Cette Croisade, qui s'en prend aveuglément non seulement aux cathares mais à tout le peuple occitan, aux alentours de 1209, va décimer le pays.

Non que les auteurs des ces cris de révolte, auteurs qui sont quelquefois aussi des acteurs politiques sur la scène de ce drame, aient nécessairement eux-mêmes adopté la croyance cathare : ils s'élèvent contre le massacre de populations entières, des exactions multipliées, l'injustice d'un pouvoir français qui veut imposer son joug à une nation libre et forte jusqu'alors.

C'est dans ce contexte que la Canso de la Crosada voit le jour. Ce long poème (9578 vers), à la fois historique et épique, relate la tragédie de 1209 à 1218-19 (en réalité, la croisade perdure au delà de 1230).

La Canso de la Crosada est en fait composée de deux parties qui sont l' oeuvre de deux mains différentes.

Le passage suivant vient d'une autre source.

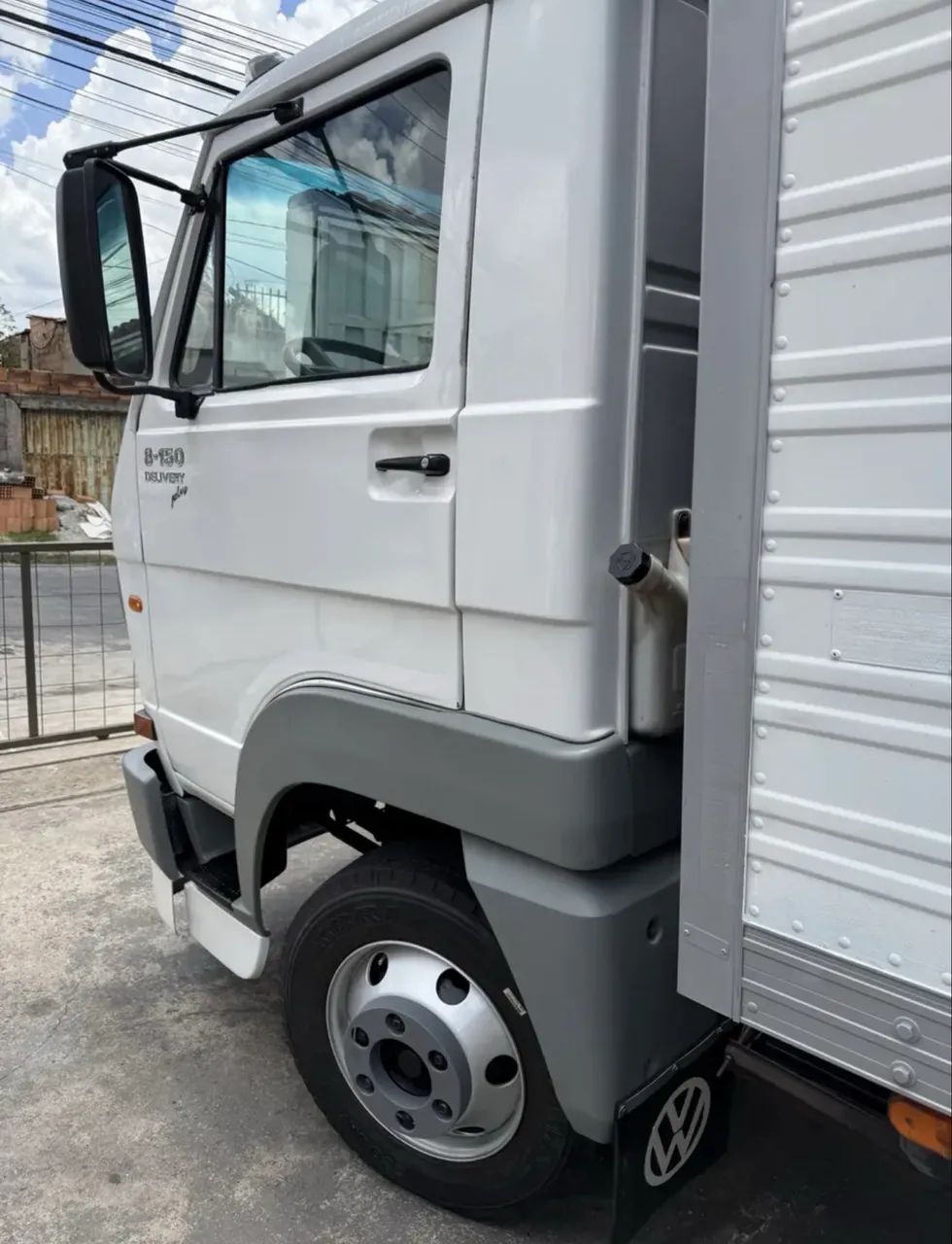 Vw 8150 Delivery Plus 2011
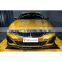 Perfect Fitment Aerodynamic Easy to install Fashionable Carbon Fiber Front Bumper Canards For BMW 3 Series G20 G28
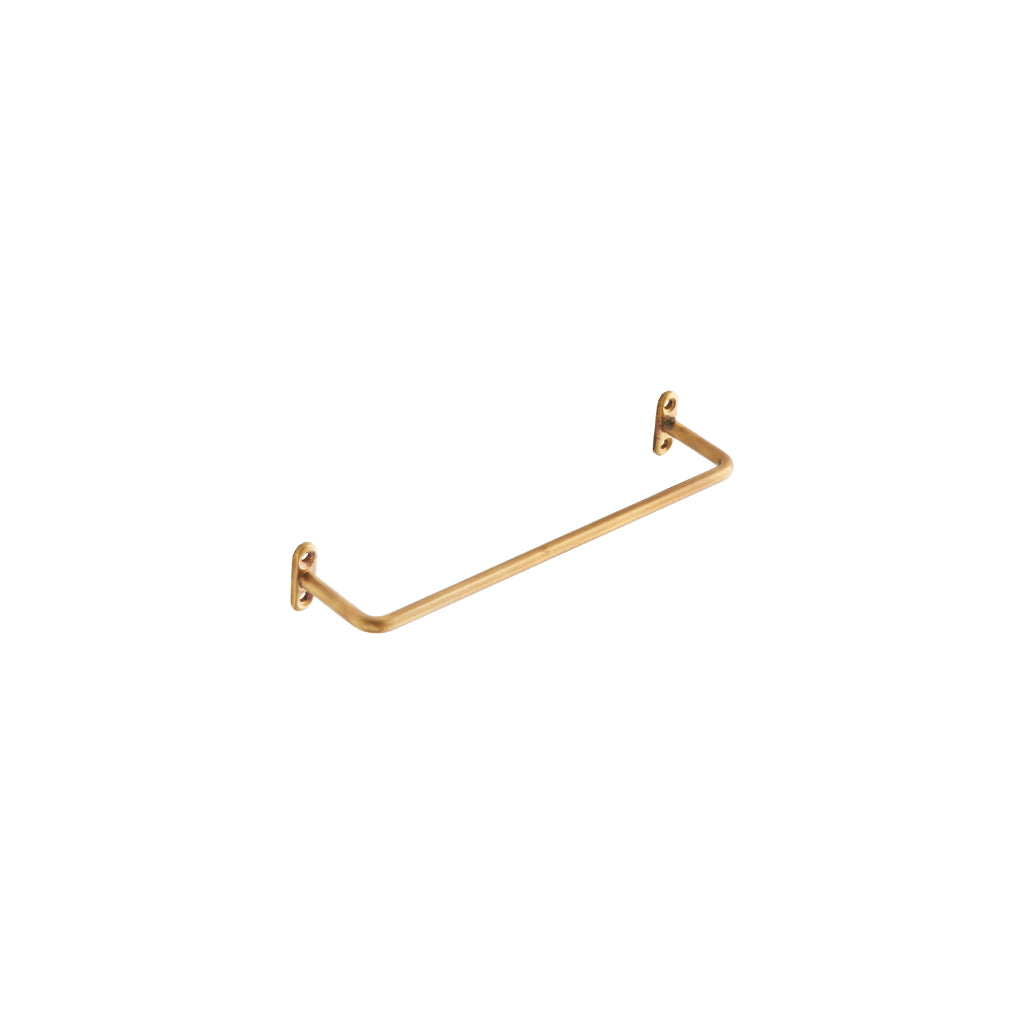 Brass Towel Bar Small, Fog Linen Work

La première partie est due à un clerc navarrais, Guilhèm de Tudèla, qui raconte les événements de la croisade de 1209-1210 à 1213-1214. Appartenant au parti français sous la protection de Baudoin, Guilhèm se pose davantage en chroniqueur qui s'efforce de porter un regard objectif sur ce qui se trame, plutôt qu'en partisan convaincu. Il ne néglige aucun détail, mais ses descriptions sont dénuées de tout lyrisme, de tout sentiment, dégageant une certaine froideur face à la gravité de l'histoire et non la voix ou le coeur. Toutefois, il se tait avec la terrible bataille de Muret (1213), et la mort de Baudoin, événement qui constitue un revers cuisant pour les français (1214).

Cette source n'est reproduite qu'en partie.